I have 4 peers running ipfs-cluster available on Internet. I would like to be able to add other peers by bootstrapping them to the leader. Those peers are going to stand behind a firewall (I can not tweak anything), for sure inbound port will be filtered, outbound should be opened.

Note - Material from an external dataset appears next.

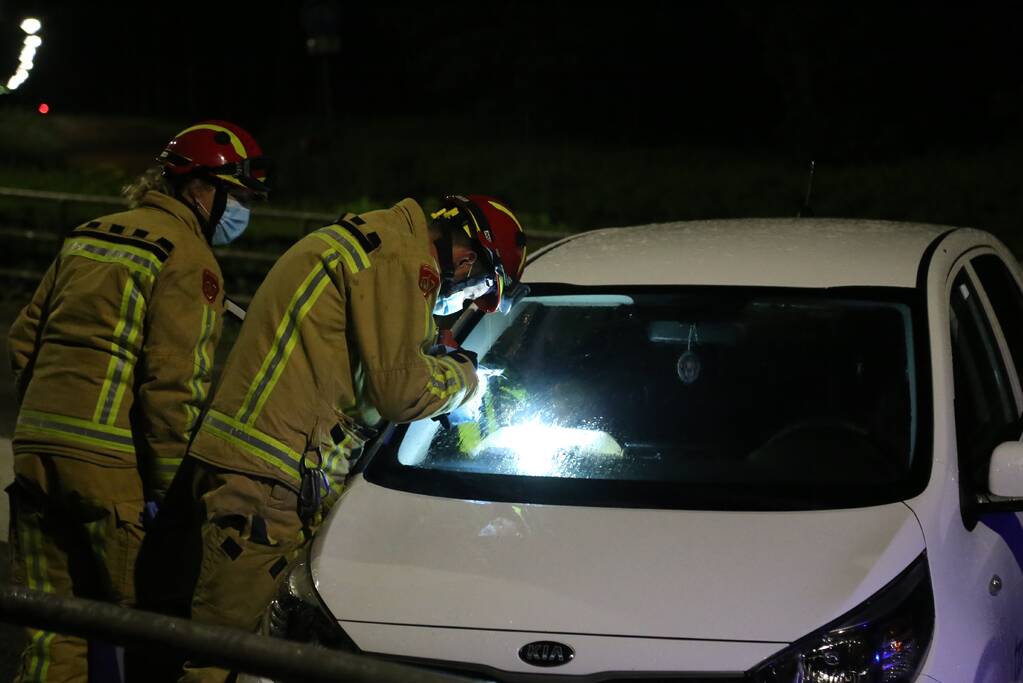 Automobilist rijdt tegen reling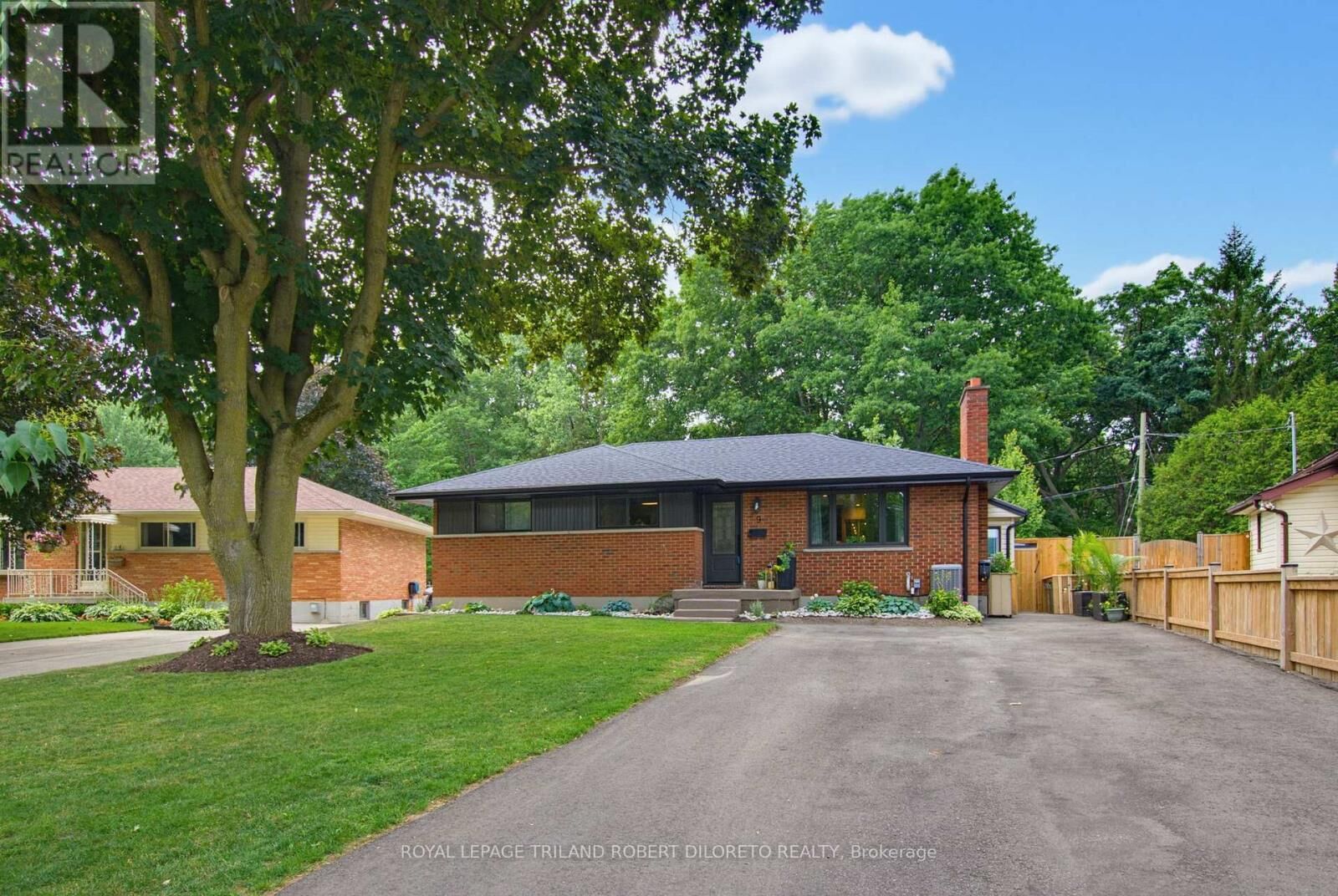 Property Photo:  9 Strathcona Drive  ON N5W 1P7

I can not guarantee that the multiaddress of those peers would be accessible from Internet.
Currently, the cluster is able so see the peer asking for connection, but I get quickly those message :
Failed to heartbeat to Qmc****: dial backoff logging.go:105 and the service shutdown on the peer
Is there any configuration on this peer to make ipfs-cluster working ?
Can you post the logs of the Firewalled peer?
Are you bootstrapping to the same peer that shows the
Failed to heartbeat messages? If not, can you try that?
If NAT hole-punching works, and you bootstrap directly to the cluster Raft leader, I think that the firewalled peer should then manage to punch holes to the rest of peers. But if bootstrapping to someone that is not the leader, that makes the leader not be able to heartbeat the firewalled peer.
If you are indeed already bootstrapping to the leader, then libp2p’s NAT hole-punching may not work in your environment. We might explore other options like QUIC or libp2p circuits then, but I haven’t tried them myself.
Are you bootstrapping to the same peer that shows the Failed to heartbeat messages? If not, can you try that?
I tried and here is the log
Can you post the logs of the Firewalled peer?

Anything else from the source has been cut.